What needs to be done:
Among the lines of data below, reproduce only those from the one with "1C4NJDBB4GD756071 - 2016" through the one with "Dubonnet classic cocktail", exactly as they stand, both ends included.

Extracted information:
☆ ☆ ☆ ☆

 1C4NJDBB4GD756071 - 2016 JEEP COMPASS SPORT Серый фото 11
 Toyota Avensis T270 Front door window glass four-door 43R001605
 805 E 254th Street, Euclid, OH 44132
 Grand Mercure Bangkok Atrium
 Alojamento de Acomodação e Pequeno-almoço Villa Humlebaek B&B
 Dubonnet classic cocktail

☆ ☆ ☆ ☆

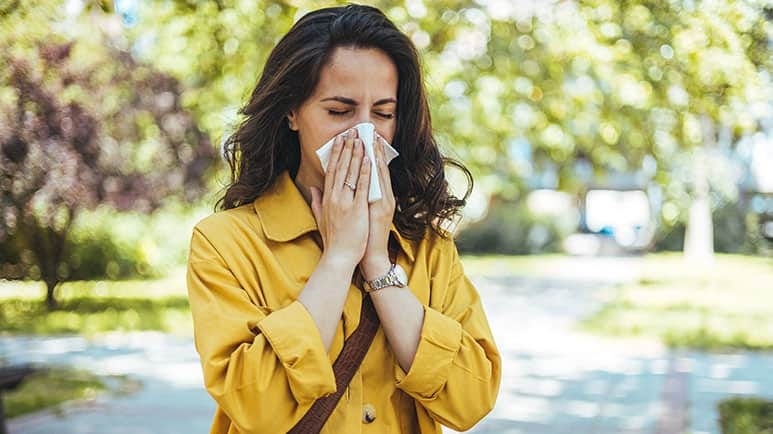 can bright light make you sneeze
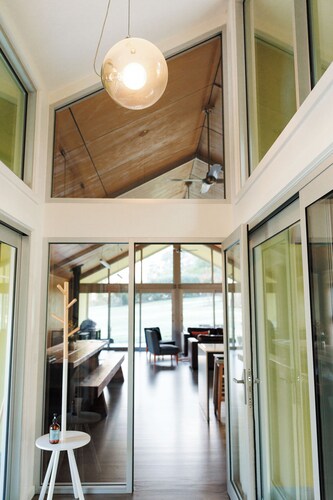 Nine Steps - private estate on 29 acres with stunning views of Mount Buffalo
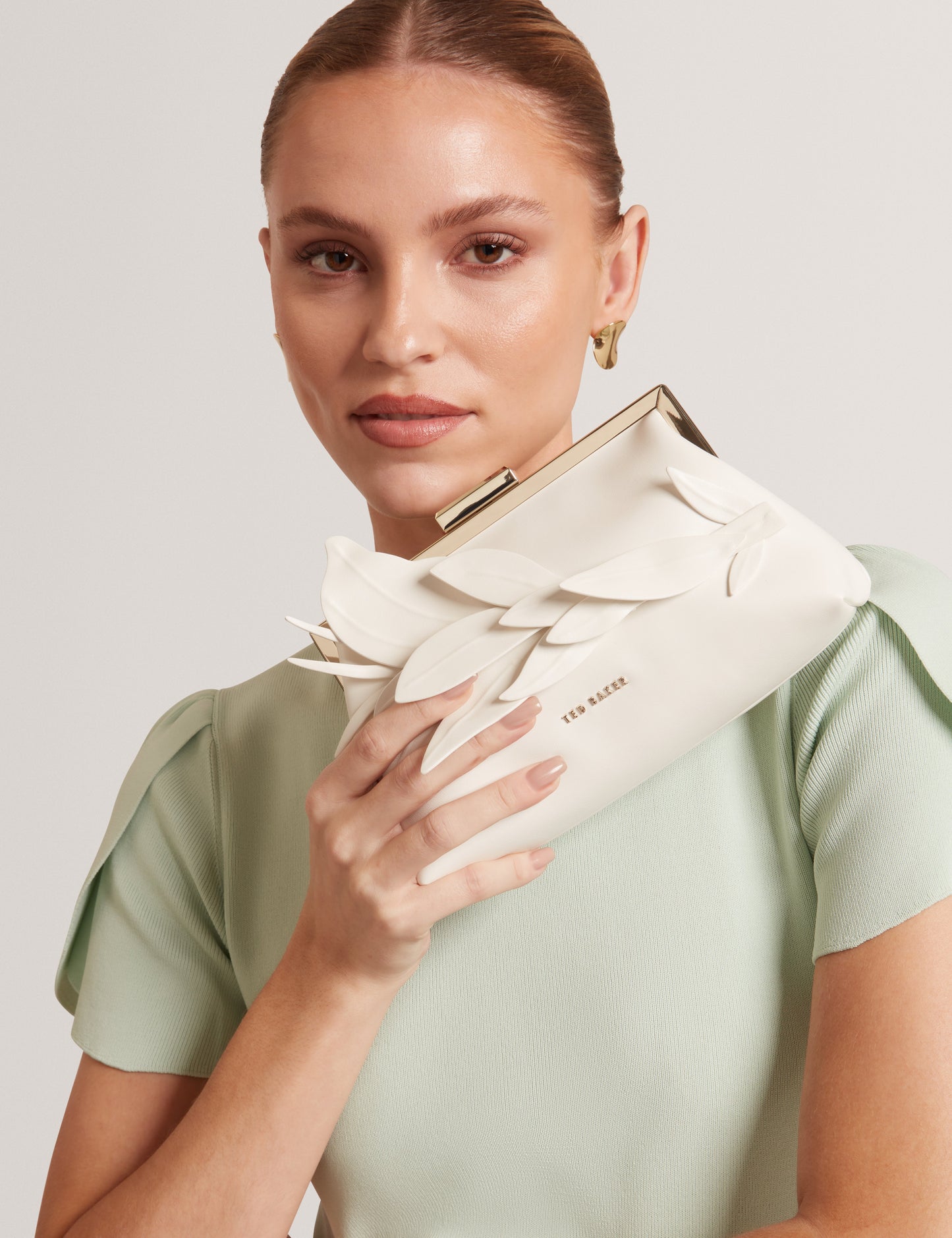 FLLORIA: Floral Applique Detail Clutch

☆ ☆ ☆ ☆

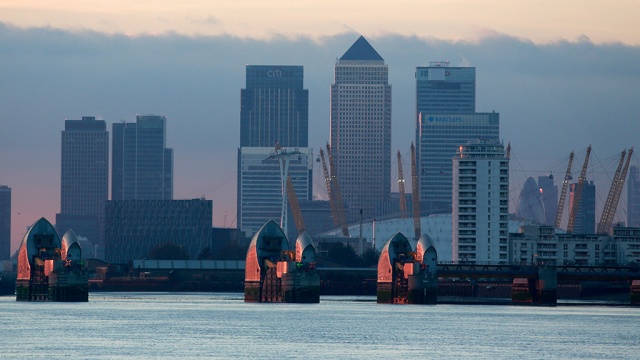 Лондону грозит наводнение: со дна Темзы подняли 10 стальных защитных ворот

☆ ☆ ☆ ☆

Result for this exercise:
 1C4NJDBB4GD756071 - 2016 JEEP COMPASS SPORT Серый фото 11
 Toyota Avensis T270 Front door window glass four-door 43R001605
 805 E 254th Street, Euclid, OH 44132
 Grand Mercure Bangkok Atrium
 Alojamento de Acomodação e Pequeno-almoço Villa Humlebaek B&B
 Dubonnet classic cocktail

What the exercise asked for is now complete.